### Task requirements
After locating the line containing "COLLUSION fluffy button", restate that line and each one after it exactly, through the last line of the material.

### Data listing
---*---

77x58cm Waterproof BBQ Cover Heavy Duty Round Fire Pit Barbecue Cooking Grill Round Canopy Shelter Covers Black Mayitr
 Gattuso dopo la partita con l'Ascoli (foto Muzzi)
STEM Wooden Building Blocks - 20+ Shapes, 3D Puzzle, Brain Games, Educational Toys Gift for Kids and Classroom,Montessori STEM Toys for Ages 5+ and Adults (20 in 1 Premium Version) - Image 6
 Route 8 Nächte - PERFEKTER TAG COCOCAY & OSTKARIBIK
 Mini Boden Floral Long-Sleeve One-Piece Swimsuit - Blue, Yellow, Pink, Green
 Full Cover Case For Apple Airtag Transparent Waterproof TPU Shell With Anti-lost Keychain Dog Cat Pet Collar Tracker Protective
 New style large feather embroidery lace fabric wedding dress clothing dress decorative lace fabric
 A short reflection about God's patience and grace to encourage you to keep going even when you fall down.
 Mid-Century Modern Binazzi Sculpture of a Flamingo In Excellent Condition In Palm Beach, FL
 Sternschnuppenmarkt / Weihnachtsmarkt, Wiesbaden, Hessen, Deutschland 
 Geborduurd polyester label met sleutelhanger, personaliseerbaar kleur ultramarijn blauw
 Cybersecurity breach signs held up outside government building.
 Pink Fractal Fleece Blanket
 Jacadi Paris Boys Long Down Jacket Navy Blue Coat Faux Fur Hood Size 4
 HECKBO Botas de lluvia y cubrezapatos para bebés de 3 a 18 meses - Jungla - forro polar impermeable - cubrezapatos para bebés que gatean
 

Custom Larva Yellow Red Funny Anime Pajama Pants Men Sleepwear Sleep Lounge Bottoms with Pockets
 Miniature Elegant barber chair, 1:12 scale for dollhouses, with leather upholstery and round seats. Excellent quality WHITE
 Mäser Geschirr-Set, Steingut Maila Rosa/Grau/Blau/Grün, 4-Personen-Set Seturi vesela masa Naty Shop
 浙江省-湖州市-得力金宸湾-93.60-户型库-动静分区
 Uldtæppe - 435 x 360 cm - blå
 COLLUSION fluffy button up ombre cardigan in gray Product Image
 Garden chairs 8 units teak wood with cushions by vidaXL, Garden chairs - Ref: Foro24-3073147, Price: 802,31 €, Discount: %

---*---

### Solution to this exercise
 COLLUSION fluffy button up ombre cardigan in gray Product Image
 Garden chairs 8 units teak wood with cushions by vidaXL, Garden chairs - Ref: Foro24-3073147, Price: 802,31 €, Discount: %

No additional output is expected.